If you’re interested in NHST, breaking assumptions means that your p-values aren’t properly calibrated, so you cannot literally interpret your p-value. But how often do you care about the exact p-value? If you’re worried about misleading confidence intervals, consider the trade-offs between having these perfectly calibrated, and loss of information that may occur when presenting results on a scale that is difficult to interpret. Let clarity about your goals and the meaning of your results take precedence over strict rule following.

Minor violations: If the test is known to be robust to small deviations—like mild non-normality or modest differences in variance—you can usually proceed without concern.
Major non-normality: When data are far from normal within groups, consider transforming your data (e.g., log, square root) or using a model that explicitly captures the shape of the distribution that generated your data. We’ll return to this idea later when we discuss generalized linear models.
Robust approaches: Methods like Welch’s ANOVA (which allows group variances to differ, below), or approaches that “trim” extreme outliers, are generally solid and defensible choices.
Permutation tests: are often appealing because they avoid assumptions about the distribution of the data.

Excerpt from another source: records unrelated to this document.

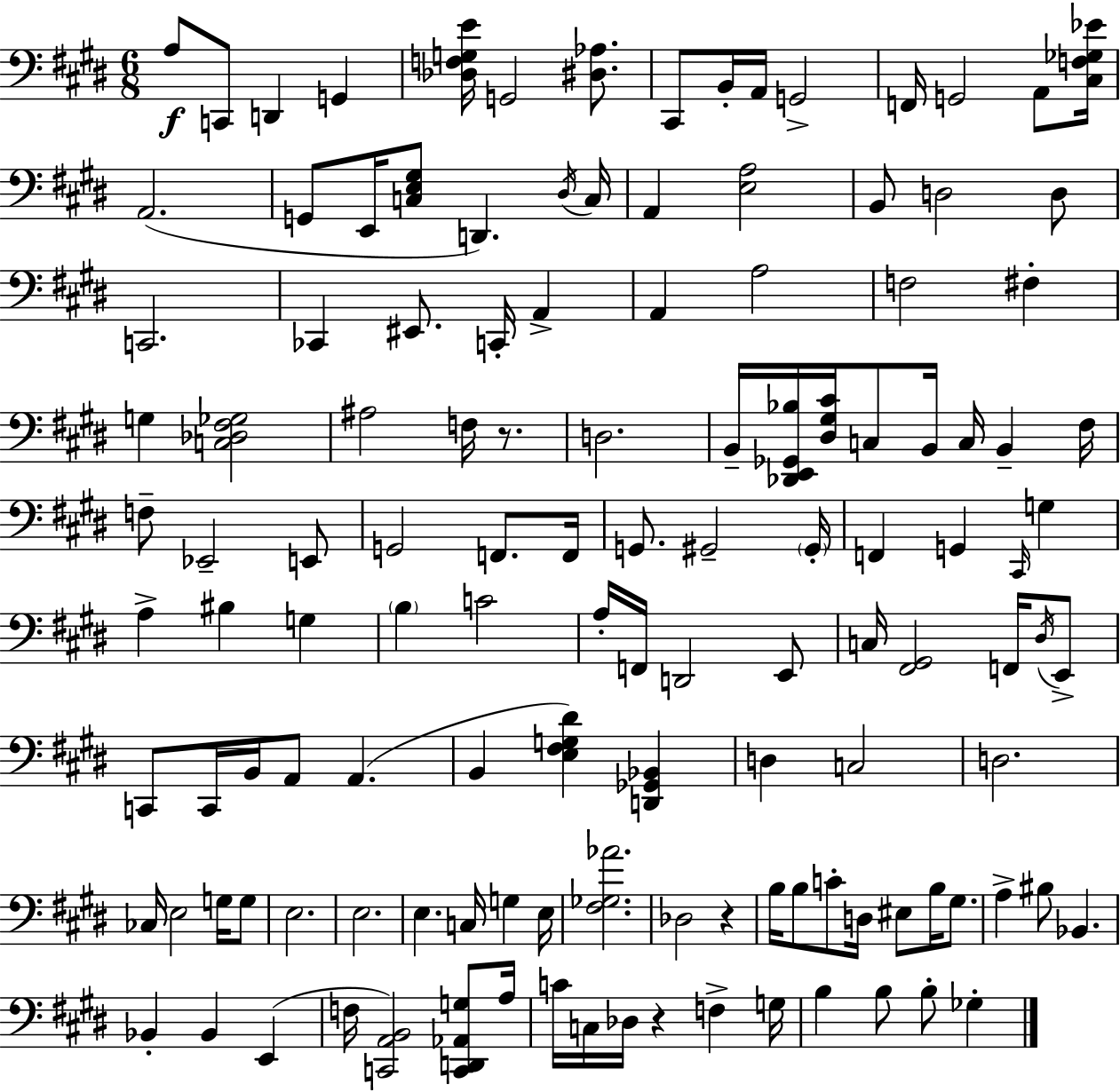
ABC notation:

X:1
T:Untitled
M:6/8
L:1/4
K:E
A,/2 C,,/2 D,, G,, [_D,F,G,E]/4 G,,2 [^D,_A,]/2 ^C,,/2 B,,/4 A,,/4 G,,2 F,,/4 G,,2 A,,/2 [^C,F,_G,_E]/4 A,,2 G,,/2 E,,/4 [C,E,^G,]/2 D,, ^D,/4 C,/4 A,, [E,A,]2 B,,/2 D,2 D,/2 C,,2 _C,, ^E,,/2 C,,/4 A,, A,, A,2 F,2 ^F, G, [C,_D,^F,_G,]2 ^A,2 F,/4 z/2 D,2 B,,/4 [_D,,E,,_G,,_B,]/4 [^D,^G,^C]/4 C,/2 B,,/4 C,/4 B,, ^F,/4 F,/2 _E,,2 E,,/2 G,,2 F,,/2 F,,/4 G,,/2 ^G,,2 ^G,,/4 F,, G,, ^C,,/4 G, A, ^B, G, B, C2 A,/4 F,,/4 D,,2 E,,/2 C,/4 [^F,,^G,,]2 F,,/4 ^D,/4 E,,/2 C,,/2 C,,/4 B,,/4 A,,/2 A,, B,, [E,^F,G,^D] [D,,_G,,_B,,] D, C,2 D,2 _C,/4 E,2 G,/4 G,/2 E,2 E,2 E, C,/4 G, E,/4 [^F,_G,_A]2 _D,2 z B,/4 B,/2 C/2 D,/4 ^E,/2 B,/4 ^G,/2 A, ^B,/2 _B,, _B,, _B,, E,, F,/4 [C,,A,,B,,]2 [C,,D,,_A,,G,]/2 A,/4 C/4 C,/4 _D,/4 z F, G,/4 B, B,/2 B,/2 _G,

But they still require independence within groups. A simple permutation test cannot fix this problem. As always, no method gets you out of thinking carefully about how your data were generated.
Rank-based tests: Alternatives like the Kruskal–Wallis test assess differences in medians rather than means and are less sensitive to assumption violations. However, their effect sizes are harder to interpret in practical or biological terms.

Welch’s ANOVA when variance differs

You can use Welch’s ANOVA when variance differs substantially among groups. Welch’s ANOVA has the same underlying logic as a standard ANOVA, but relaxes the assumption of equal variance. Specifically, it adjusts the calculation of the test statistic and degrees of freedom to account for differences in group variances, effectively giving less influence to groups with higher variance. This means that F and the degrees of freedom etc can be interpreted similarly as in a standard ANOVA, but are calculated differently.

The oneway.test() function in R uses Welch’s ANOVA by default:

oneway.test(admix_proportion ~ site, data = clarkia_hz)


    One-way analysis of means (not assuming equal variances)

data:  admix_proportion and site
F = 32.224, num df = 3.00, denom df = 52.34, p-value = 6.117e-12

Here, we resoundingly reject the null hypothesis that all groups have the same mean.